From the data that follows, set down exactly the lines from the one with "Ha Buk Paeng’s" through the one with "Halloween Haddonfield Patch Trucker Hat", counting both. Pictures stay out.
---- RECORDS PROVIDED
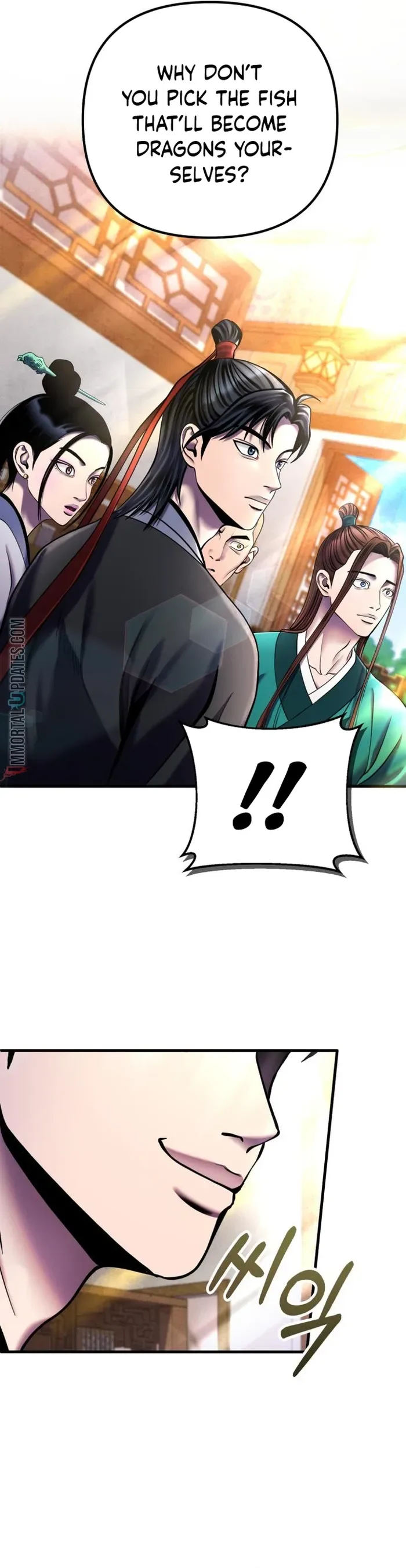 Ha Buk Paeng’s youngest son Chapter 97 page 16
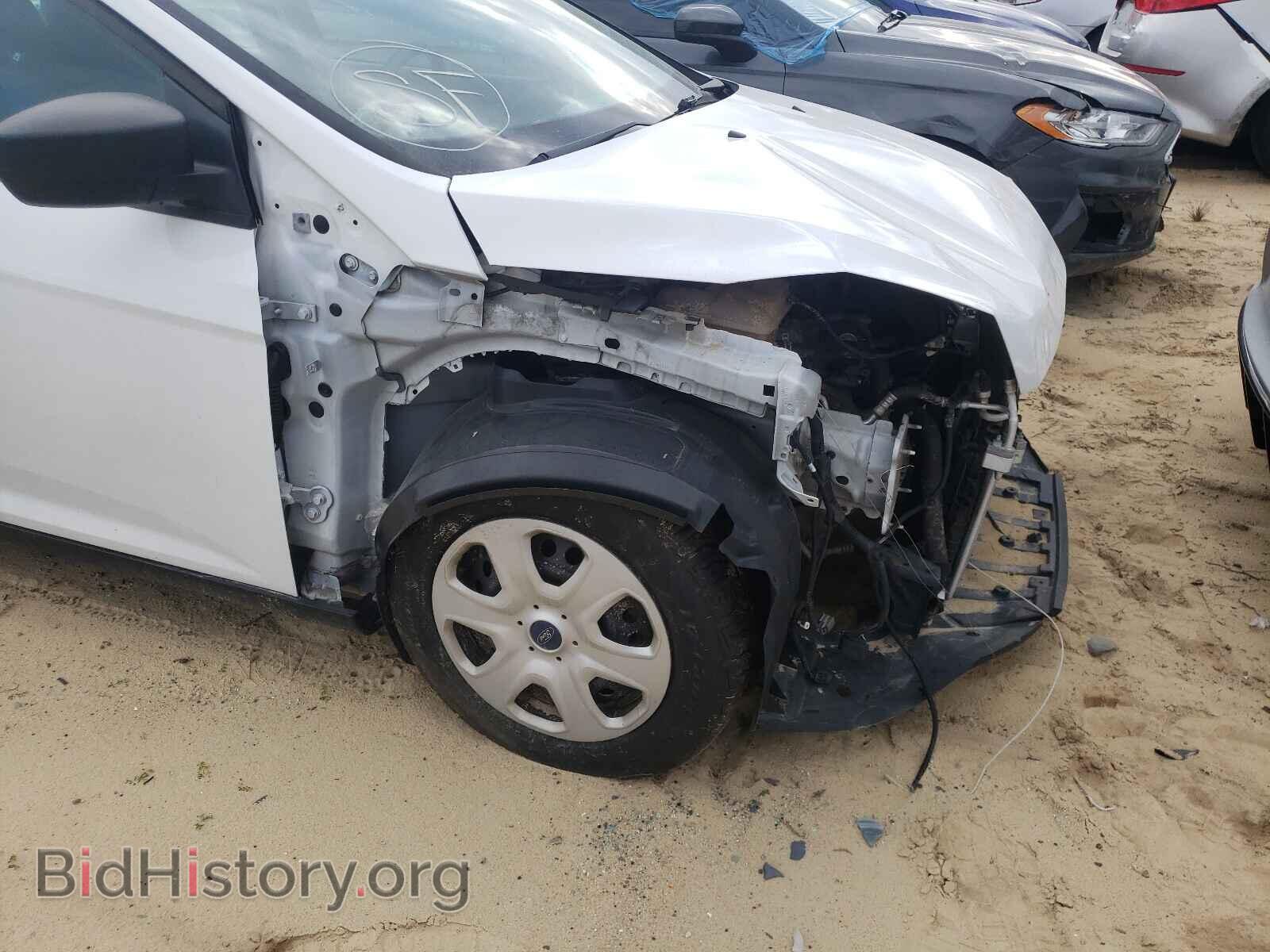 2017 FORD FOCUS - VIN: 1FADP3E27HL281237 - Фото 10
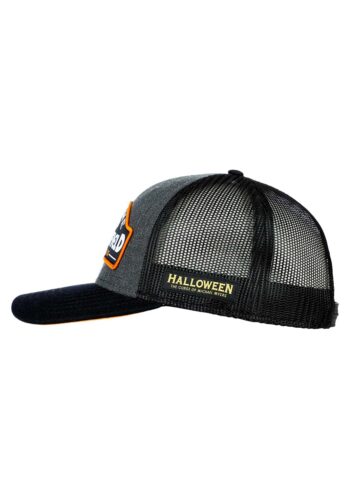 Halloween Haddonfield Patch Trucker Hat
--------
---- RECORDS PROVIDED
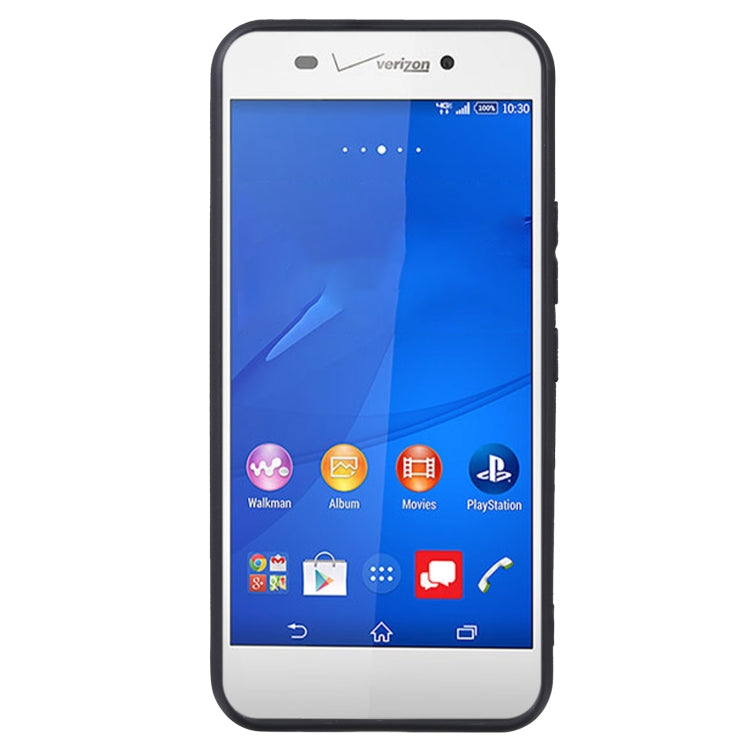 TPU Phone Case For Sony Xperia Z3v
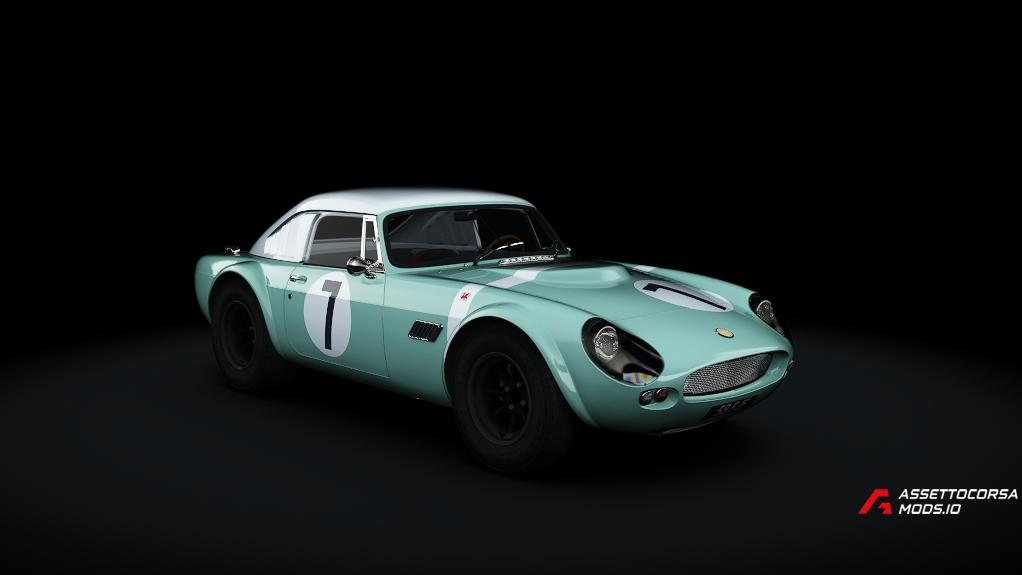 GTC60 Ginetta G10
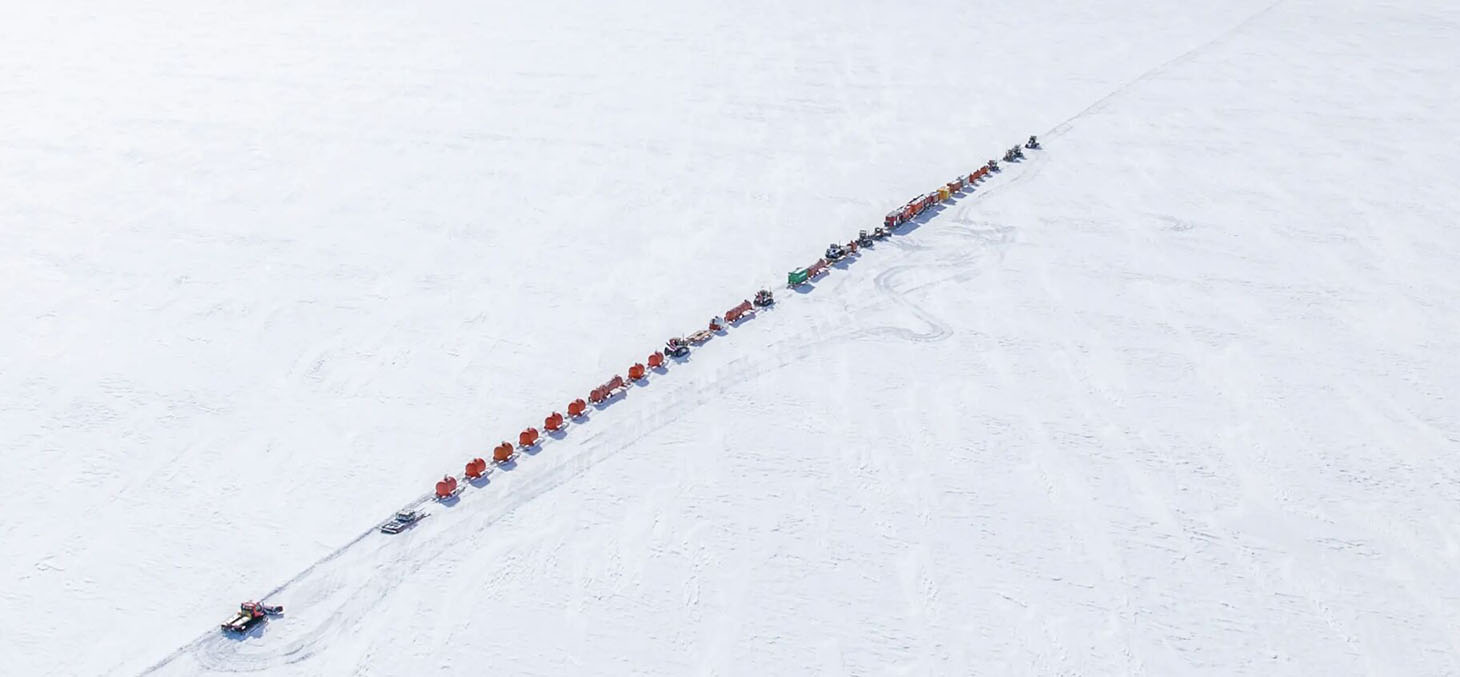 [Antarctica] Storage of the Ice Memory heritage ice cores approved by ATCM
--------
---- RECORDS PROVIDED
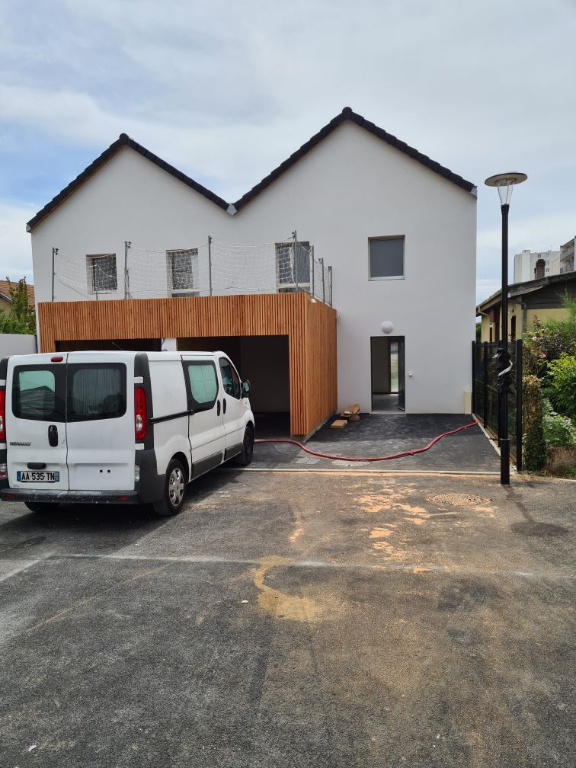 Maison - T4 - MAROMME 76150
--------
▸ REPLY TO THE TASK
 Ha Buk Paeng’s youngest son Chapter 97 page 16
 2017 FORD FOCUS - VIN: 1FADP3E27HL281237 - Фото 10
 Halloween Haddonfield Patch Trucker Hat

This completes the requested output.